While this still leaves the consortium of the Gores Group and Platinum Equity in the bidding for NSN, analysts have accused Nokia of failing to give the bidders proper attention as it focused on fighting to stop its handset business from collapse. "If I was running Nokia, the last management distraction I would want would be having to deal with NSN," Ben Uglow, an analyst at Morgan Stanley, told the Financial Times.
"As we have said earlier, there has been unsolicited interest in NSN and we continue to be in constructive talks with multiple parties," Nokia said in a statement. The company said NSN has "real momentum and innovation, and shareholder interests are aligned in building a strong and profitable company."

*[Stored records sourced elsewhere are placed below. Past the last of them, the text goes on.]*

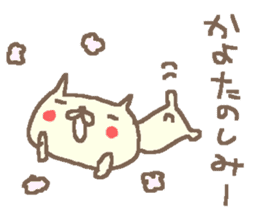 Kayo cute cat stickers! sticker #13060453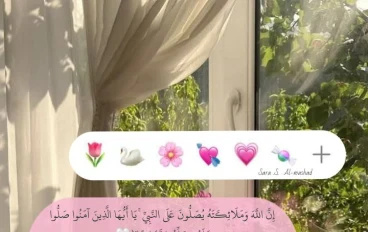 فضل الصلاة على النبي صلى الله عليه وسلم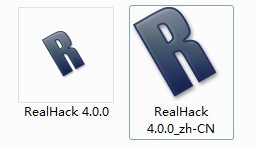 realhack 4.0 solidworks 2016(开启小金球工具) realhack 4.0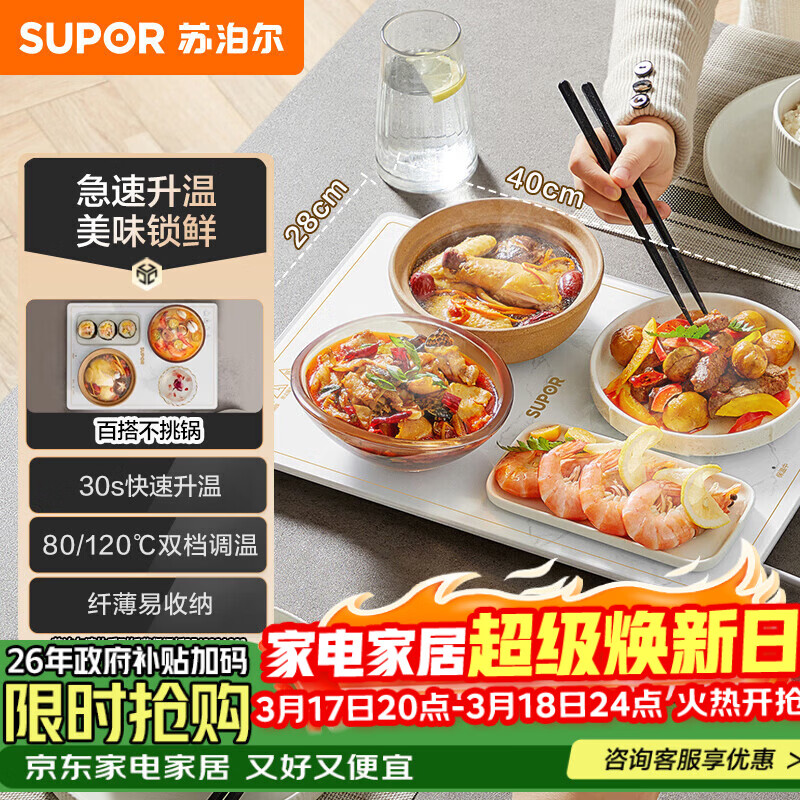 �ղ�����SUPOR��ů�˰巹�˱��°��Ȳ˰�������� ��ɷ��ͽⶳ˫�����¶๦�ܼ��Ȱ�BF4028A803 189Ԫ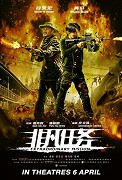 Fei fan ren wu – plakát filmu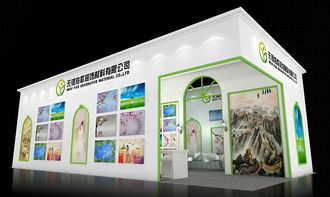 广州冠秀展览服务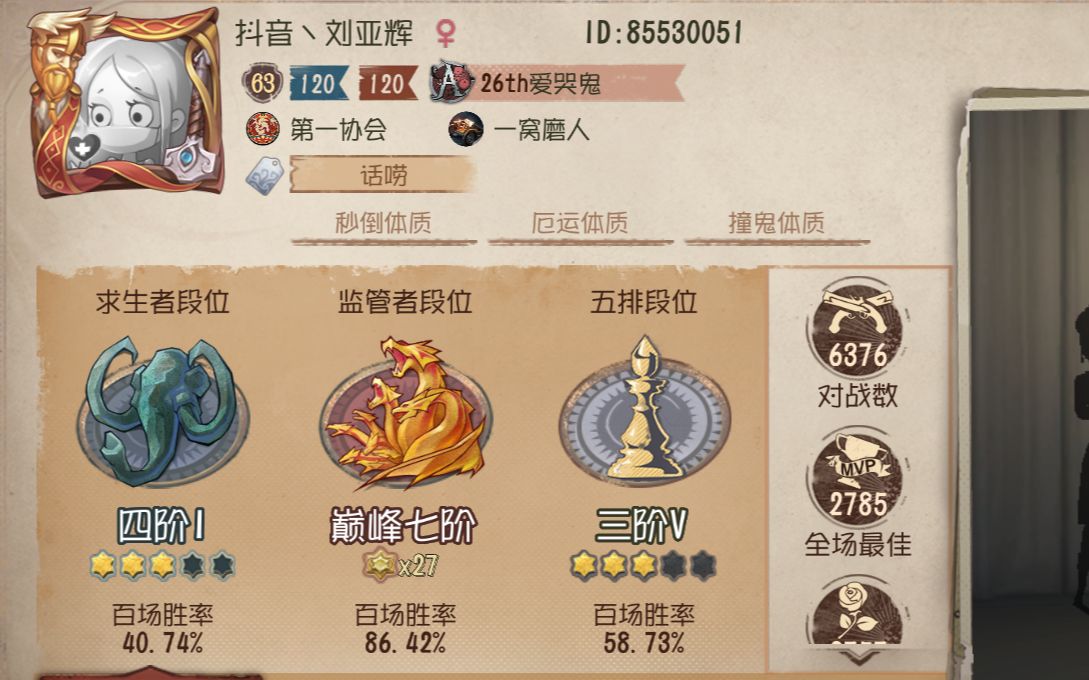 b牌邦邦小号爆淦a26巅峰七阶80胜率爱哭鬼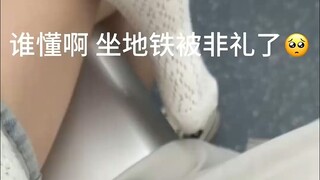 ฉันโดนลูกมนุษย์ลวนลามบนรถไฟใต้ดิน ฉันอยากจับเจ้าตัวน้อยที่ก่อไฟแล้วกินซะ!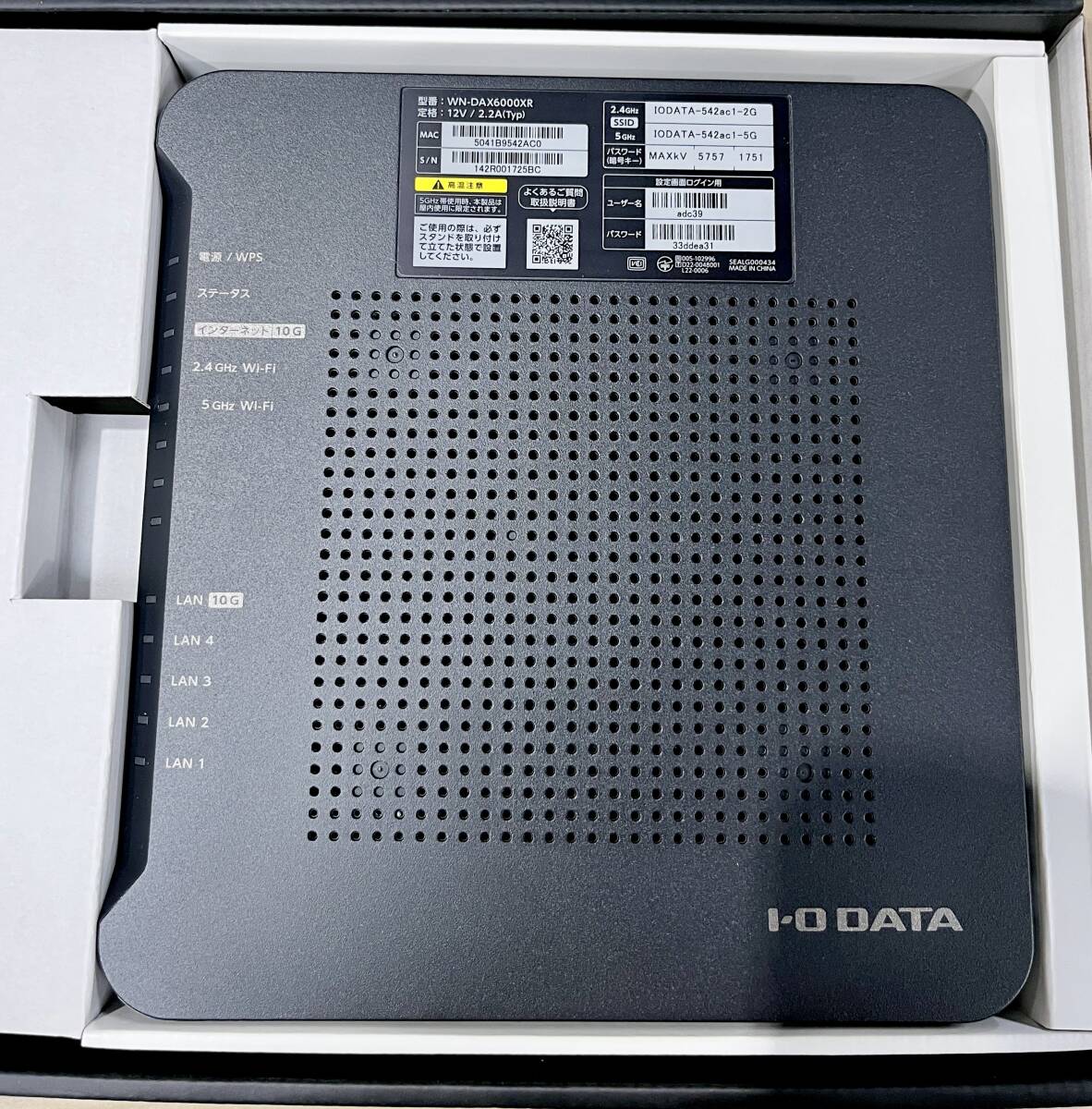 蘇さ(PMY61) IO DATA Wi-Fi6 無線LANルーター WN-DAX6000XR 通電確認済 中古品 80サイズ の画像4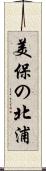 美保の北浦 Scroll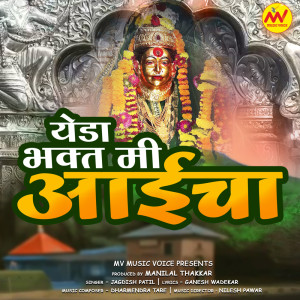 Jagdish Patil的專輯Yeda Bhakt Mi Aaicha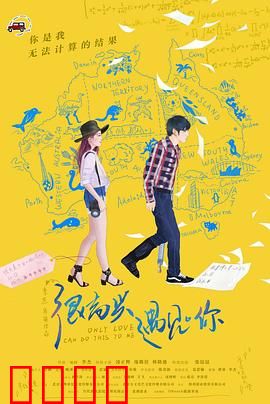 很高兴遇见·你：青春最美的邂逅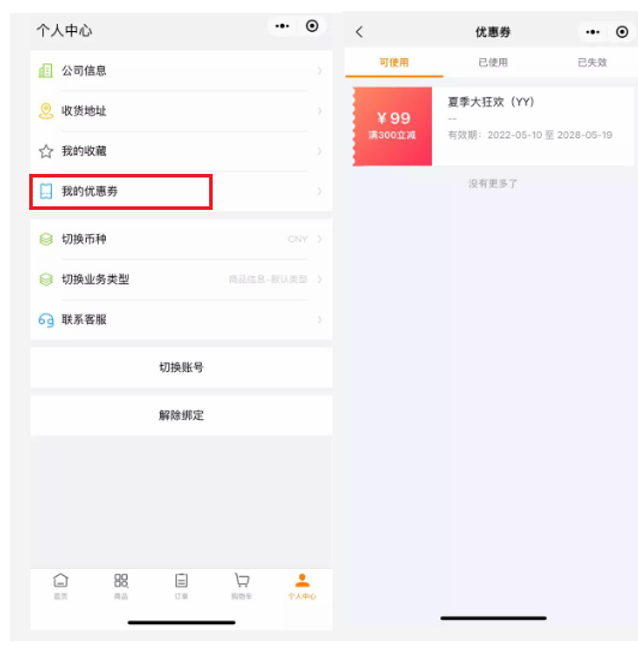 在移动端个人中心也可查看【我的优惠券】:
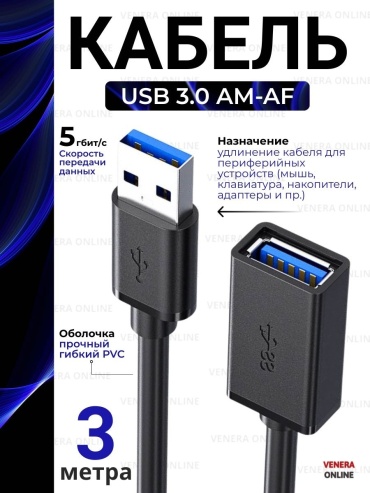 Кабель Venera online USB 3.0 A - USB 3.0 A 3 м High speed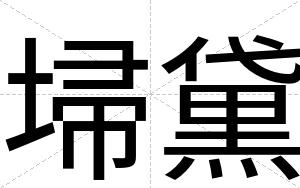 埽黛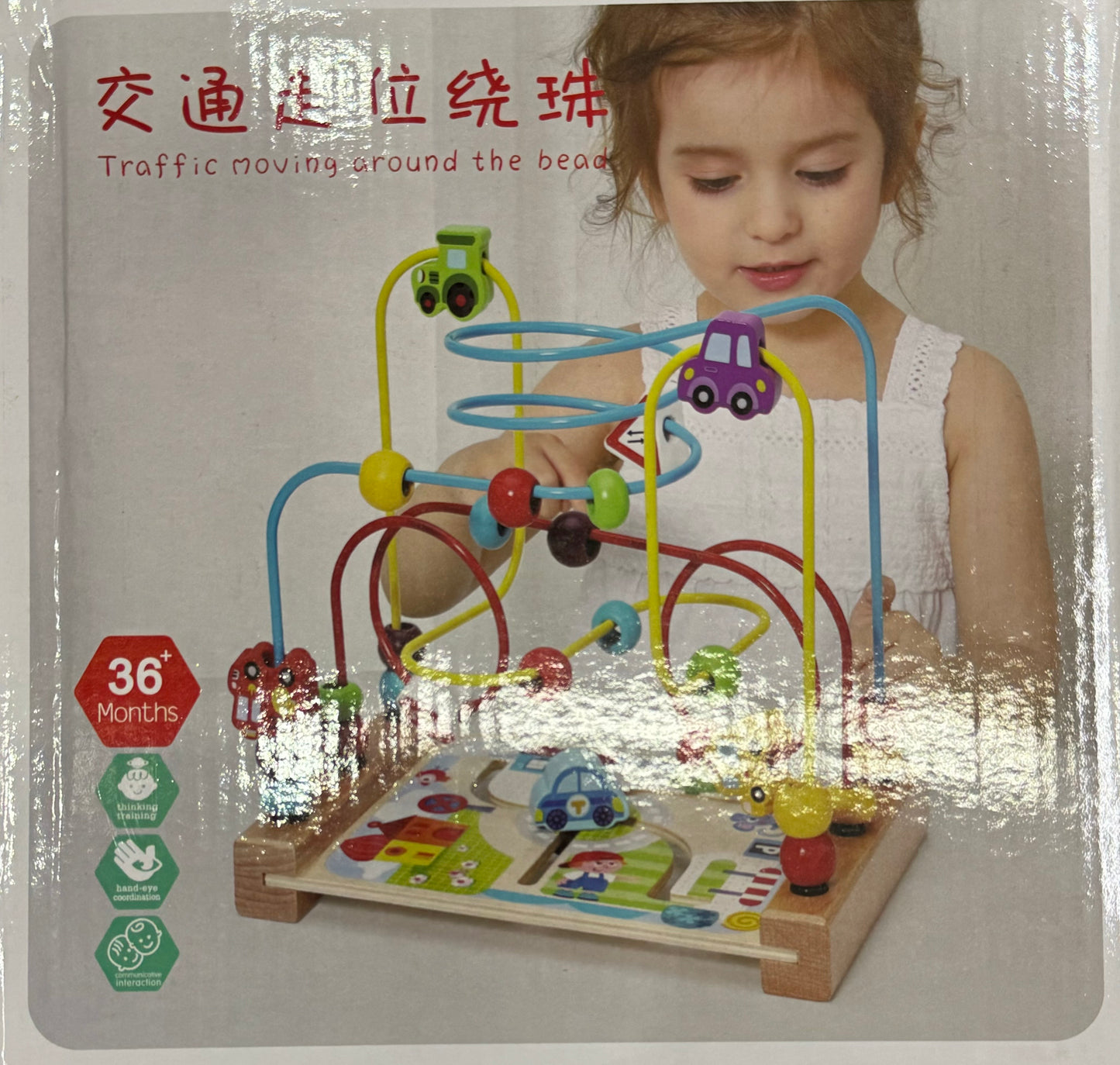 Children Beads Around Multifunctional Puzzle Block Toys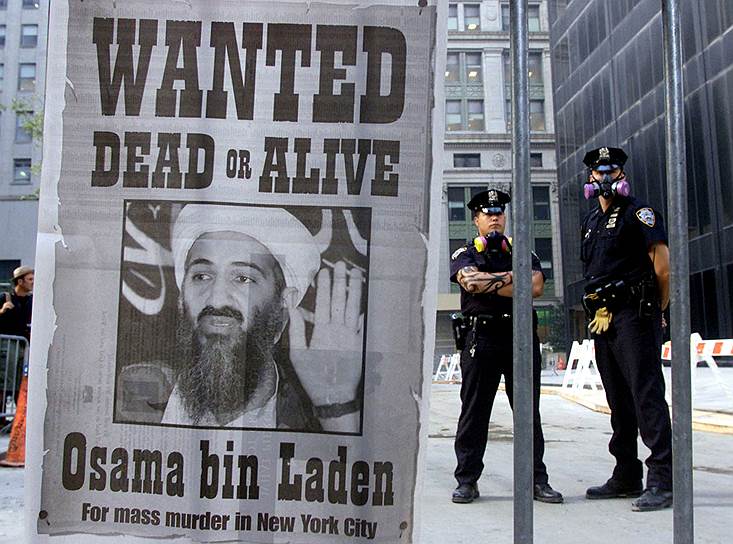 Расследование ФБР стало одним из самых крупных за историю существования ведомства. В США пришли к выводу, что за теракты несет ответственность «Аль-Каида», возглавляемая Усамой Бен Ладеном. В 2004 году Усама Бен Ладен подтвердил это, сказав, что атаки были совершены, потому что «мы хотим вернуть свободу нашей нации»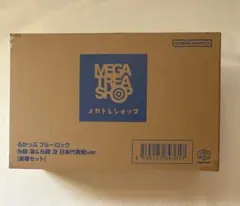 正規品 ブルーロック るかっぷ 凛＆冴 日本代表戦ver. 豪華版セット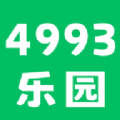 4993乐园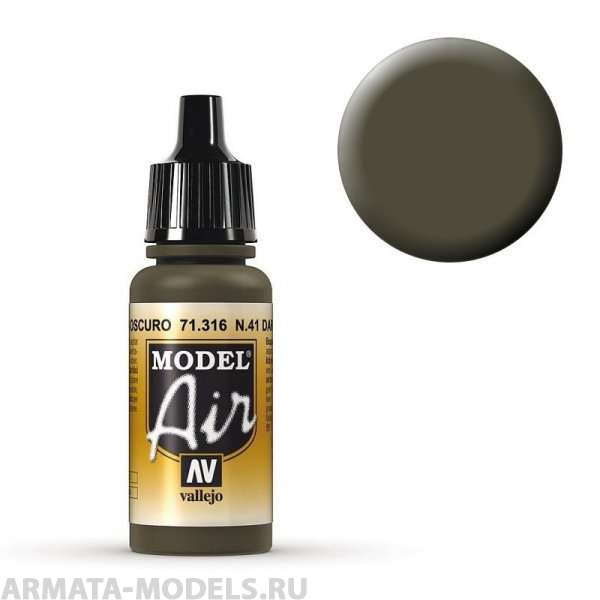 V-71316 Model Air  N41 Темно-оливковый тусклый б.17мл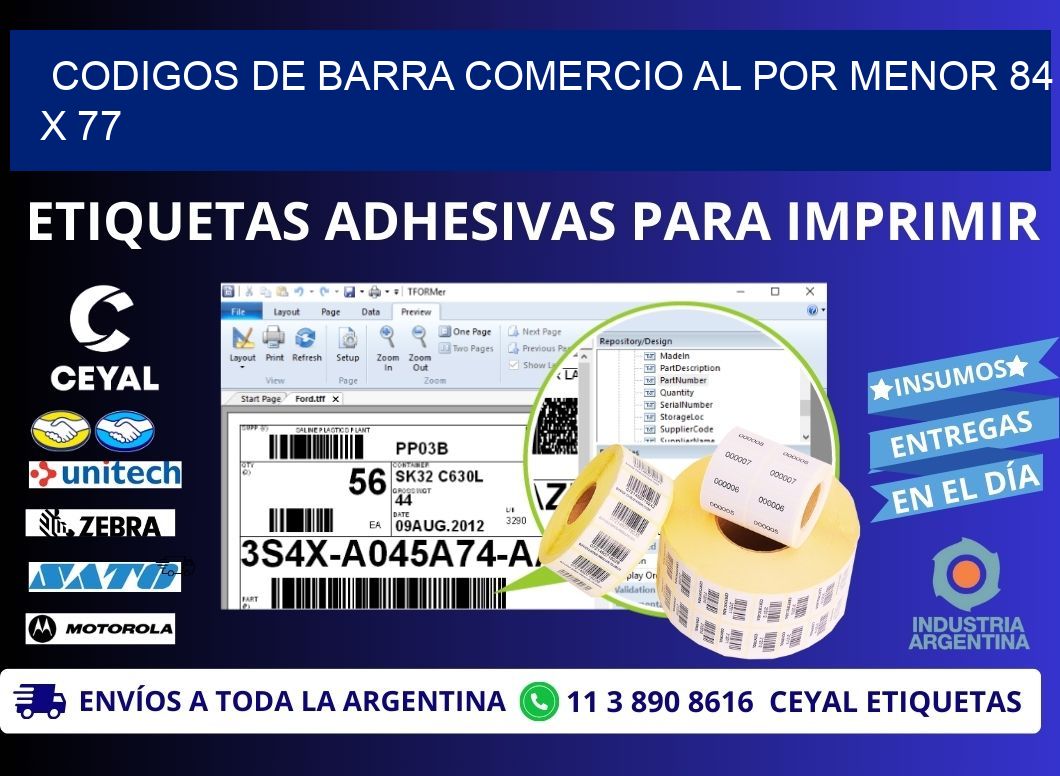 CODIGOS DE BARRA COMERCIO AL POR MENOR 84 x 77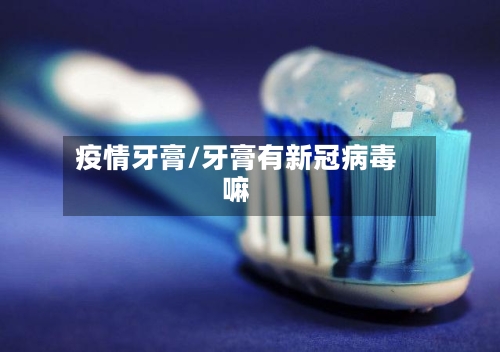 疫情牙膏/牙膏有新冠病毒嘛-第2张图片
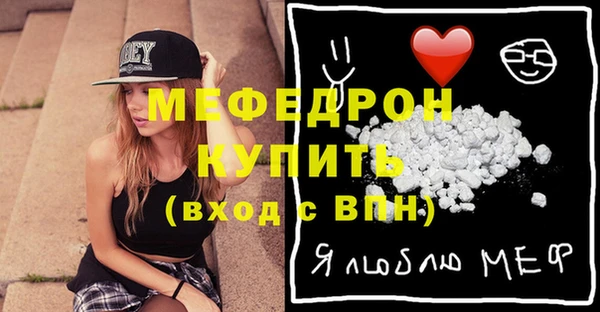 apvp Майский
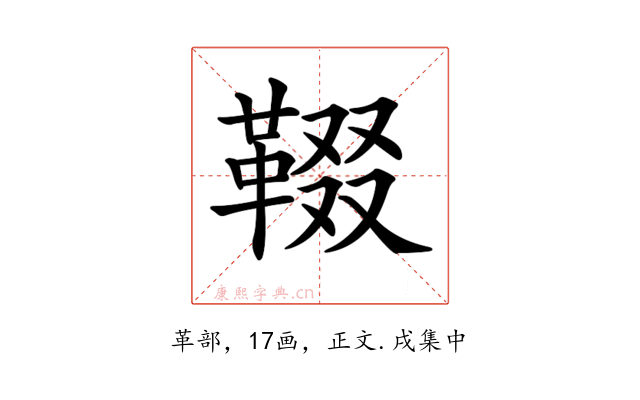 𩋁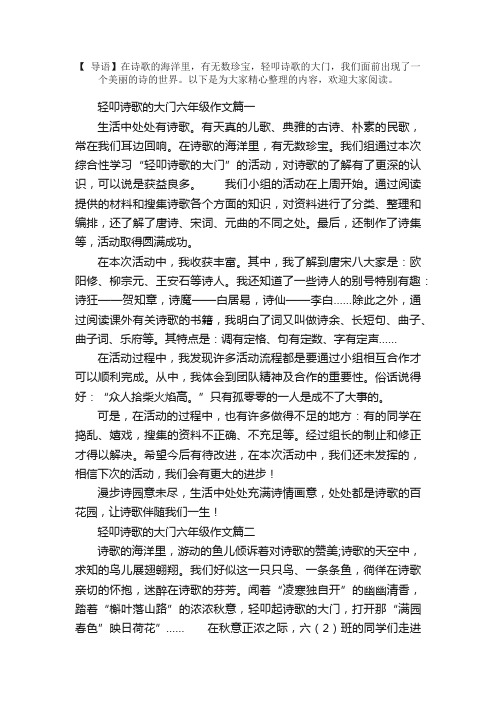 轻叩诗歌的大门六年级作文五篇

Other industry observers supported the view that Nokia is ignoring the ongoing operational problems at NSN, which lost €107 million in the first quarter as it battles for market share with Huawei and ZTE of China. NSN's other parent, Siemens, has also expressed its frustration at the lack of progress with the sales process.
"NSN is bigger than some Dax companies [the top 30 German firms] but it is being managed as if it was a simple division within Nokia," one unnamed Siemens manager told the FT.